Tuesday 03 June 2014 by FIIG Research Legacy

From the Trading Desk (03/06/14)

Yield direction and volatility

Bonds rallied last week, with Portugal, Spain and Italy leading a rally in European 10 year bonds and the US 10 year treasury reaching its lowest level since June last year. There is mounting speculation there will be policy action this week from the European Central Bank, with a board member commenting the bank was preparing policies to deal with low inflation. The US economy contracted 1% in the first quarter of the year, coming in weaker than market expectations of 0.1%. The GDP contraction, the first in three years, was attributed to poor weather. However there was offsetting positive data out of the US last week, with pending home sales rising 0.4% for the month and durable goods orders increasing for a third month in April.

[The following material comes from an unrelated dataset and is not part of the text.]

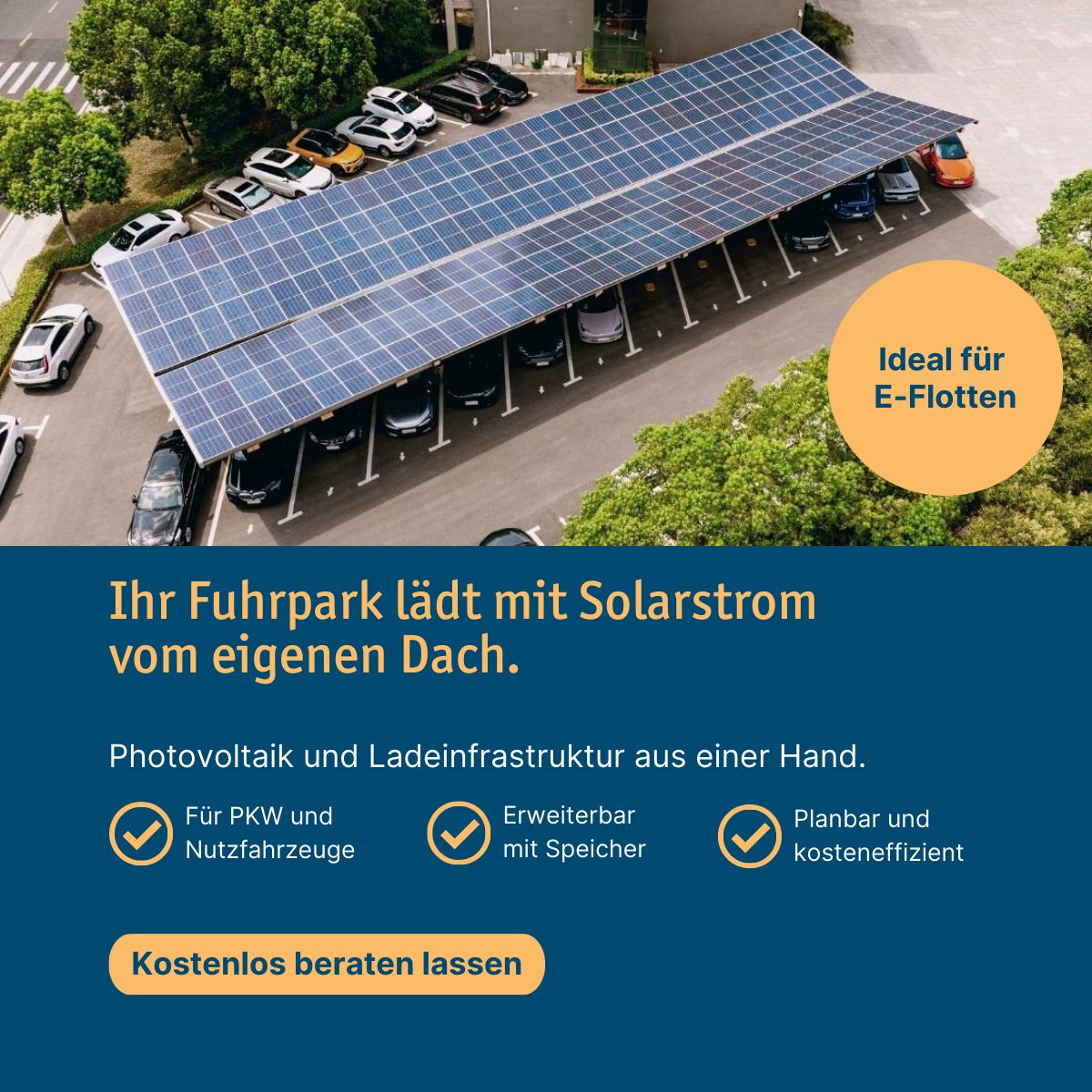 LichtBlick SE ad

The Reserve Bank of Australia met for the month on Tuesday this week, keeping the cash rate unchanged at 2.50% in-line with expectations. The language was much the same as last month, citing declining resource sector investment and a continued high unemployment rate to keep interest rates low for some time.

The 5 year and 10 year benchmark swap rate dropped 7-9 basis points (bps) over the week, closing at 3.36% and 4.01% respectively. There was similar decrease across the 5 and 10 year Commonwealth government yields, which lost 5-8bps during the week to finish at yields of 3.09% and 3.66%. 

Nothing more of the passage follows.